An exact reproduction of the data below is expected, free of images.

--*--

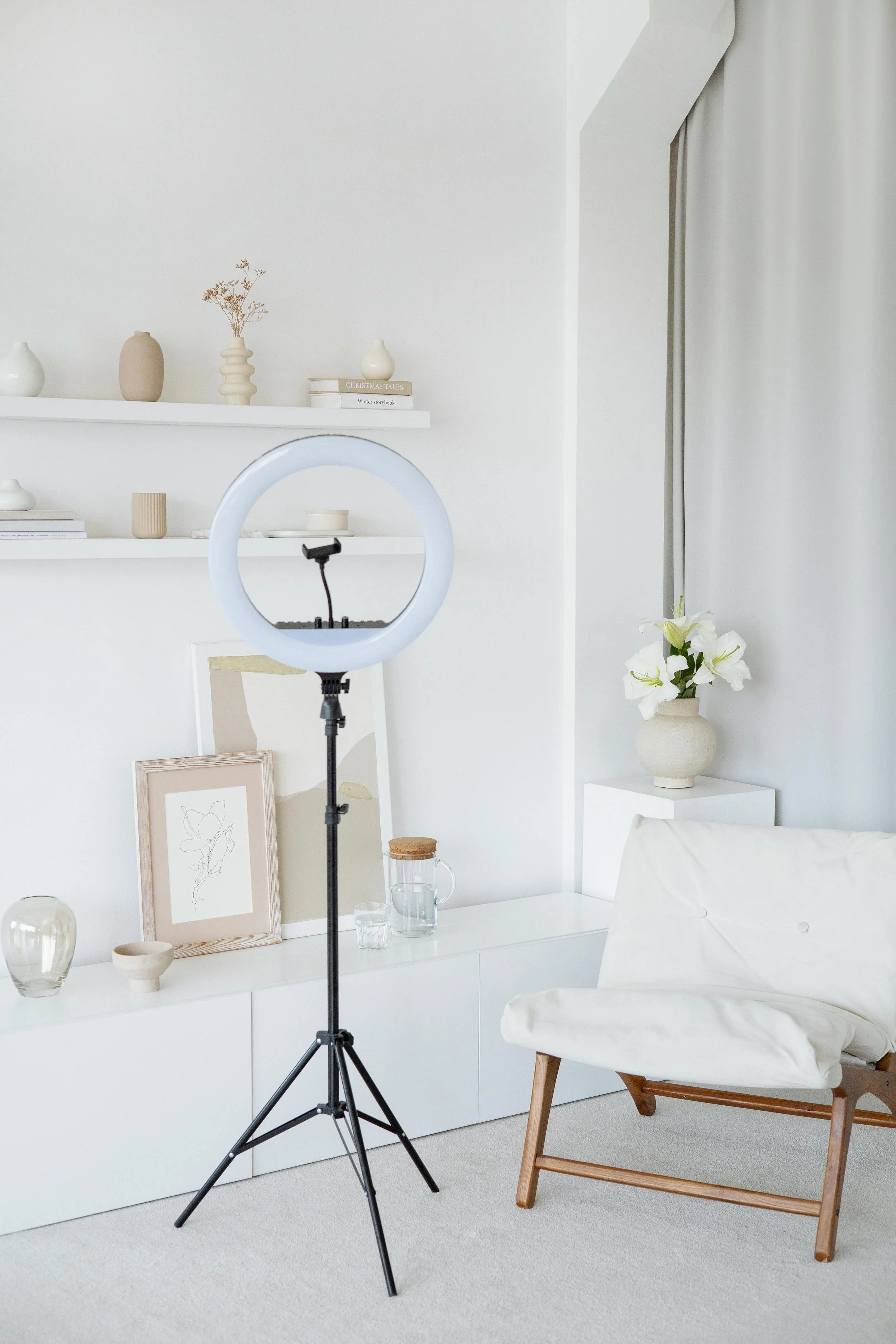A white bedroom with a large ring light on a black stand in front of a chair and a bed with hanging white curtains, decorated with beige vases, books, and framed artwork.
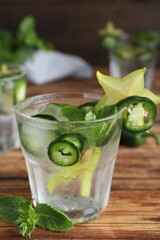 Spicy cocktail with jalapeno, carambola and mint on wooden table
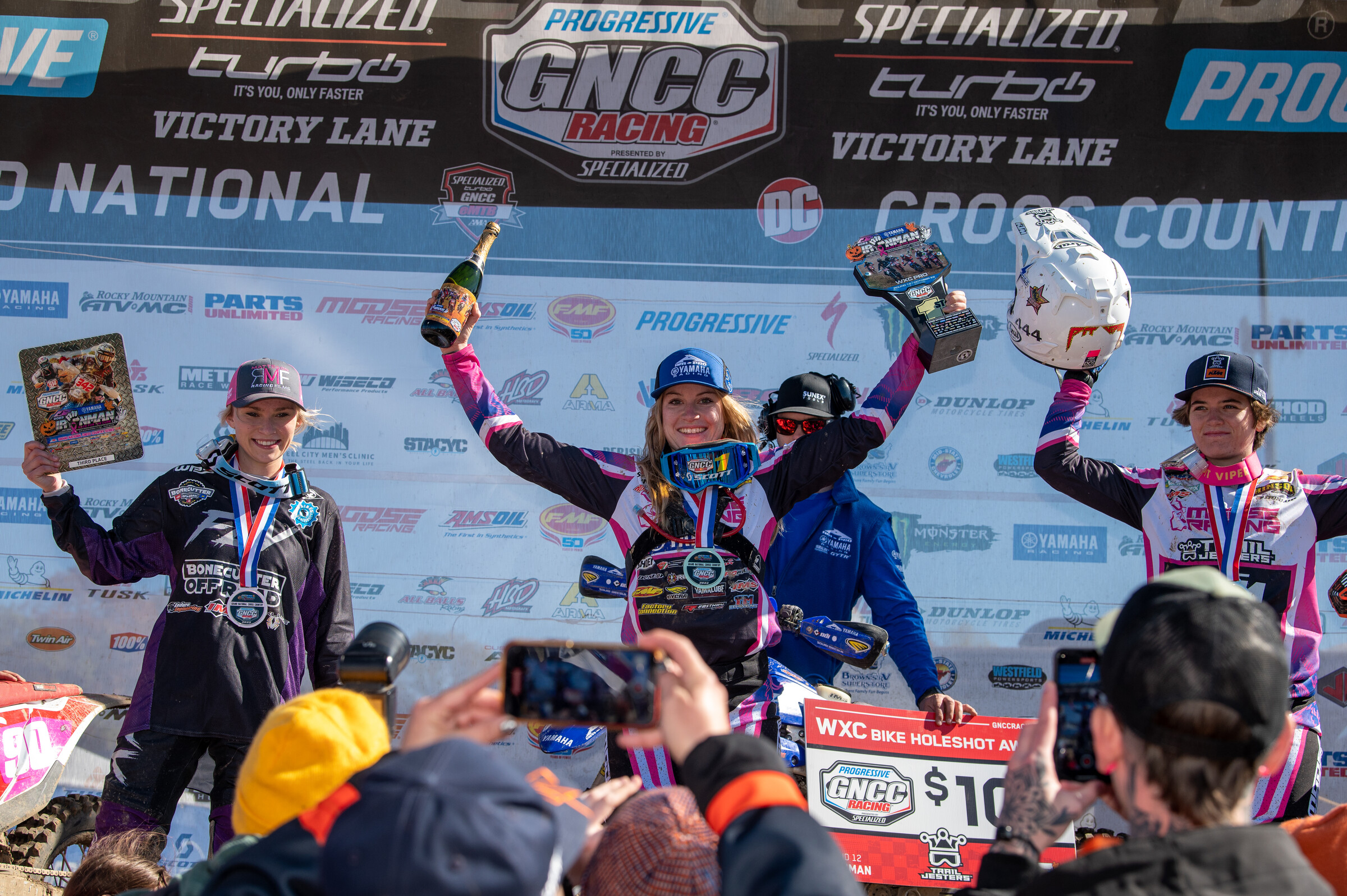 Rachael Archer (center), Korie Steede (right) and Prestin Raines (left) rounded out the top three WXC bike finishers at the Ironman GNCC.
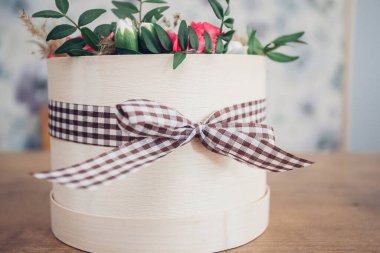 Şapka kutusunda güzel bir çiçek aranjmanı, ahşap arka plan. 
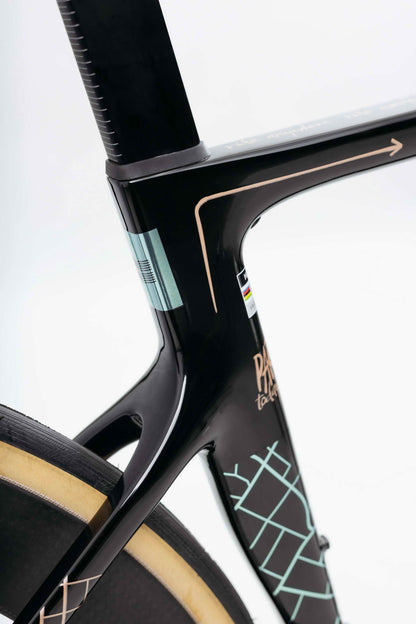 Close-up of a Haro Bikes Partimos Carbon Custom "Grid" frame with geometric patterns and rear wheel on a white background.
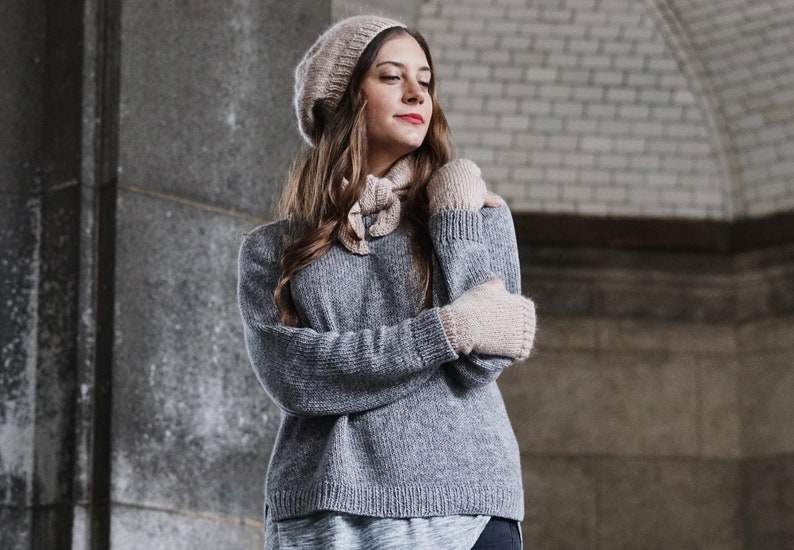 Puede incluir: Una mujer lleva un su&eacute;ter de punto gris, un gorro de punto beige y guantes sin dedos a juego. El su&eacute;ter tiene un corte holgado y una longitud ligeramente recortada. El gorro es de estilo beanie holgado. Los guantes son de un dise&ntilde;o sencillo con una textura acanalada.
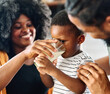 © Lumos sp - child family kitchen boy son mother father drink breakfast milk healthy drinking food eating glass home black african american father man together love cute childhood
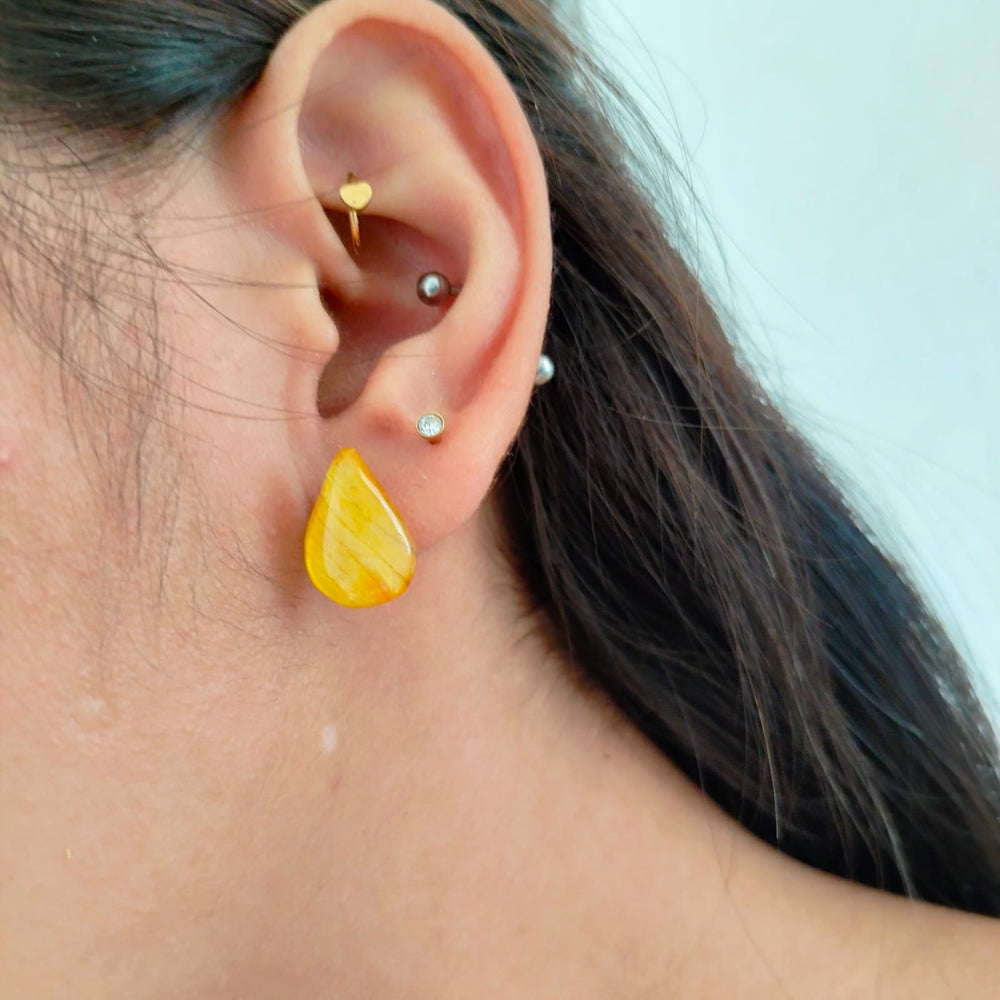 Aretes de pétalos de orquídea naranjas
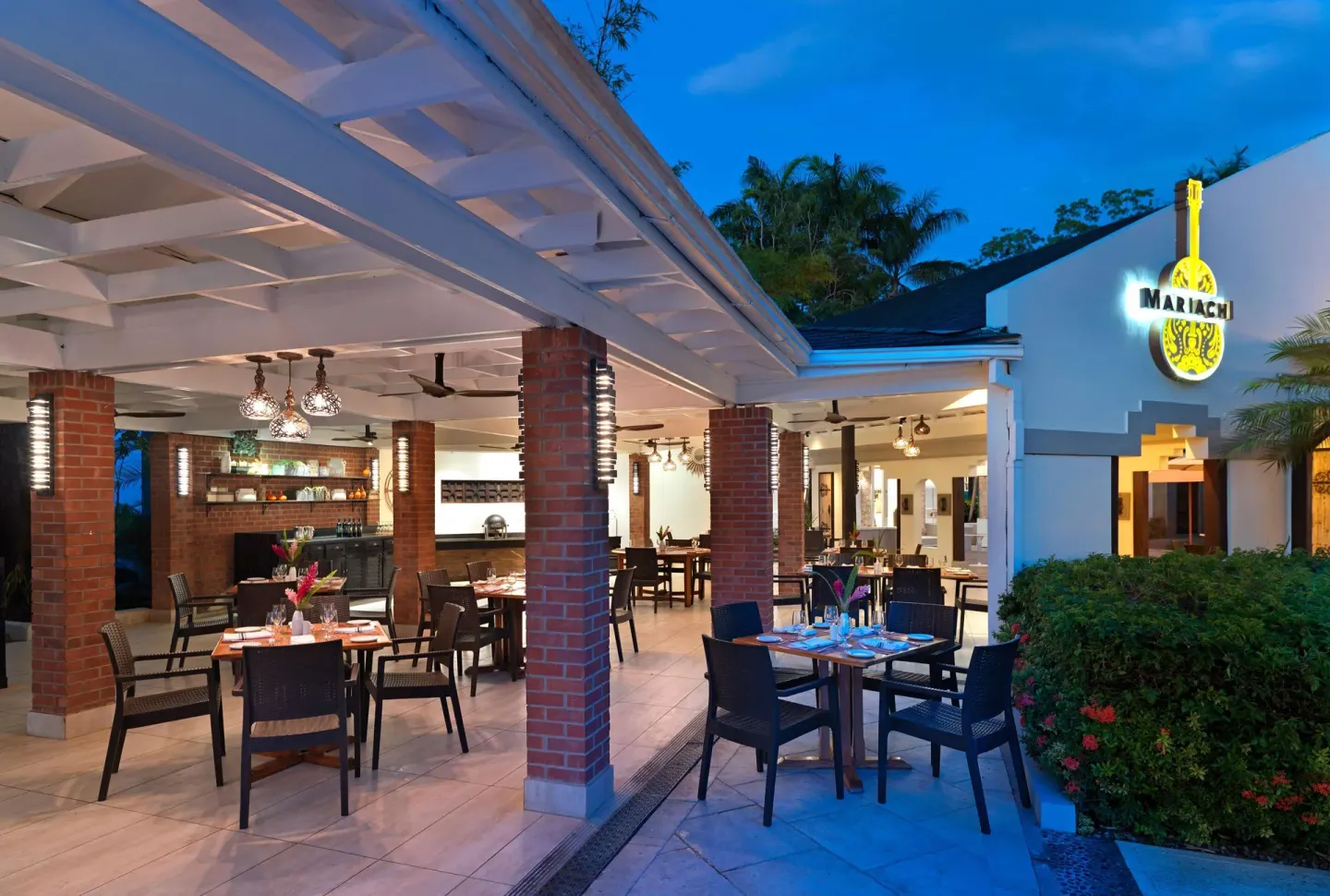 El Mariachi restaurant patio with illuminated sign at Beaches Negril Resort.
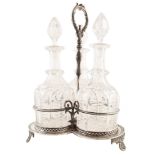 3 cut glass decanters on a silver plated tri-form stand , the 3 round bottle decanters complete with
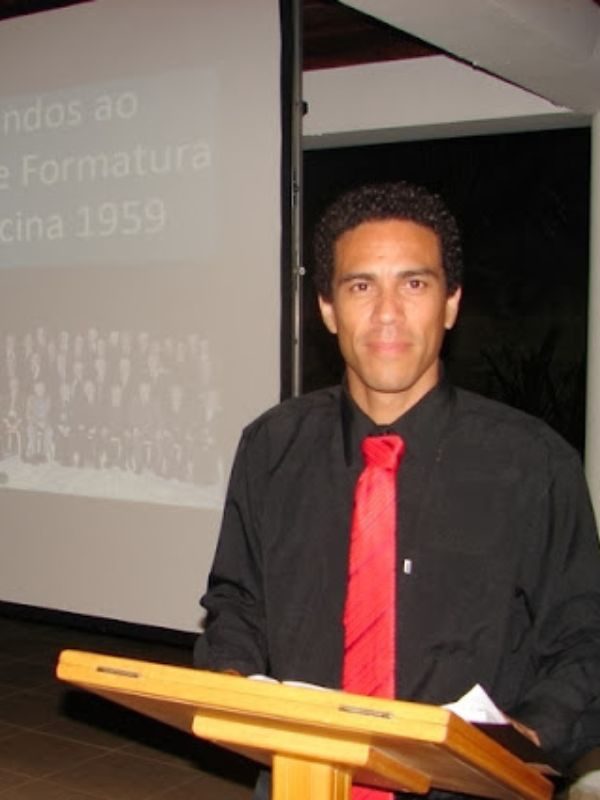 Homem vestindo roupa preta, gravata vermelha e em pé diante de púlpito em hotel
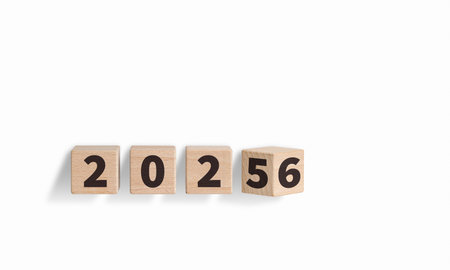 Wooden blocks with "2025-2026" text on a white background enhance New Year celebrations. Their wooden texture brings a cozy feel to holiday decorations.の写真素材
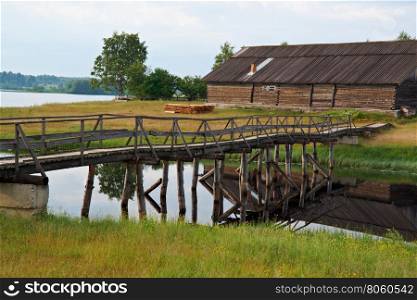 Wooden footbridge over pond.Kenozerye.Arkhangelsk region, Russia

--*--

## [Output of the exercise]
A white bedroom with a large ring light on a black stand in front of a chair and a bed with hanging white curtains, decorated with beige vases, books, and framed artwork.
 Spicy cocktail with jalapeno, carambola and mint on wooden table
 Rachael Archer (center), Korie Steede (right) and Prestin Raines (left) rounded out the top three WXC bike finishers at the Ironman GNCC.
 Şapka kutusunda güzel bir çiçek aranjmanı, ahşap arka plan. 
 Close-up of a Haro Bikes Partimos Carbon Custom "Grid" frame with geometric patterns and rear wheel on a white background.
 Puede incluir: Una mujer lleva un su&eacute;ter de punto gris, un gorro de punto beige y guantes sin dedos a juego. El su&eacute;ter tiene un corte holgado y una longitud ligeramente recortada. El gorro es de estilo beanie holgado. Los guantes son de un dise&ntilde;o sencillo con una textura acanalada.
 © Lumos sp - child family kitchen boy son mother father drink breakfast milk healthy drinking food eating glass home black african american father man together love cute childhood
 Aretes de pétalos de orquídea naranjas
 El Mariachi restaurant patio with illuminated sign at Beaches Negril Resort.
 3 cut glass decanters on a silver plated tri-form stand , the 3 round bottle decanters complete with
 Homem vestindo roupa preta, gravata vermelha e em pé diante de púlpito em hotel
 Wooden blocks with "2025-2026" text on a white background enhance New Year celebrations. Their wooden texture brings a cozy feel to holiday decorations.の写真素材
 Wooden footbridge over pond.Kenozerye.Arkhangelsk region, Russia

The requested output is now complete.